Read Scott Horton’s “When Lawyers Are War Criminals” marking the anniversary of the Nuremberg Tribunals:

“I come to the example of Moltke…namely that he very properly puts the emphasis not on the simple soldiers who invariably operate the weaponry of war, but on those who make the policies that drive their conduct. And in that process, his stern gaze falls first on the lawyers. In a proper society, the lawyers are the guardians of law, and in times of war, their role becomes solemn. Moltke challenges us to test the conduct of the lawyers. Do they show fidelity to the law? Do they recognize that the law of armed conflict, with its protections for disarmed combatants, for civilians and for detainees, reflects a particularly powerful type of law – as Jackson said “the basic building blocks of civilization”? Do they appreciate that in this area of law, above all others, the usual lawyerly tricks of dicing and splicing, of sophist subversion, cannot be tolerated? These are questions Moltke asked. They are questions that the US-led prosecution team in Nuremberg asked.

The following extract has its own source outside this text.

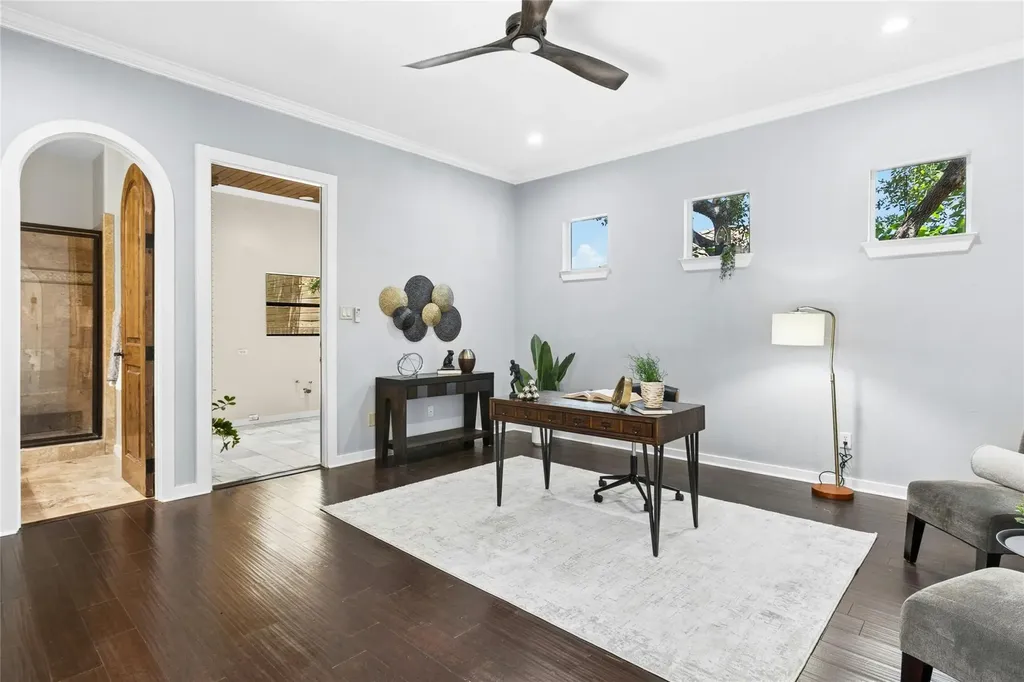 15206 Lariat Trail Austin TX 78734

They are questions that Americans should have been asking about the conduct of government lawyers who have seriously wounded, if not destroyed, the Geneva system.”

“Why, a four year old child could understand this! … Run out and find me a four year old child.” – Groucho Marx

James F Traynor said...

I cannot stand these conventions. Or the campaign season in general. Bill Moyers has a great video on Reed, Madoff, Norquist and the trio's machinations with a dash of Rove. Now I'm going to clean my boat, try to get back to studying linear dynamic equilibria, and go to the gym. Going Athenian to get my brain and body to focus on something other than the collective insanity of American society. Forget Athenian, the Peloponnesian War was a real bummer brought on by the likes of Pericles. Jesus, you just can't get away from these idiots.

spreadoption said...

Don't we all, here, share James Traynor's frustration with the state of our (dis)union? While I wrack my brain daily trying to figure how (or whether) I'll vote, my 25-year old son (whose nascent wisdom I appreciate) advises me to "fuggedaboudit" - for as George Carlin put it, "They own this place, it's a Big Club, and you ain't in it."

http://vimeo.com/32639342

Actually that clip by a genius comedian sums up where we're at, as far as I can tell. But what bothers me the most of all is the mentality of the American people, when about half of us are going to vote for Rmoney-Ryan. That’s a lot of otherwise good people who are totally wrong-headed about how to live and thrive within a society. I hate to think it, but are we unconsciously drifting the same way the German people did pre-WWII? Different factors but same direction?

Think globally but act locally, my son and others advise. Don’t waste yourself on something you can’t control. I guess they're right, though it’s hard to swallow. I’d rather fight but don’t know how to win. So for today, like James, I'm gonna catch an Oregon football game, try to balance global macroeconomics with implied volatility, and lift some weights in the garage.

Life is good locally but our country is going all to hell and I don't know how we stop it.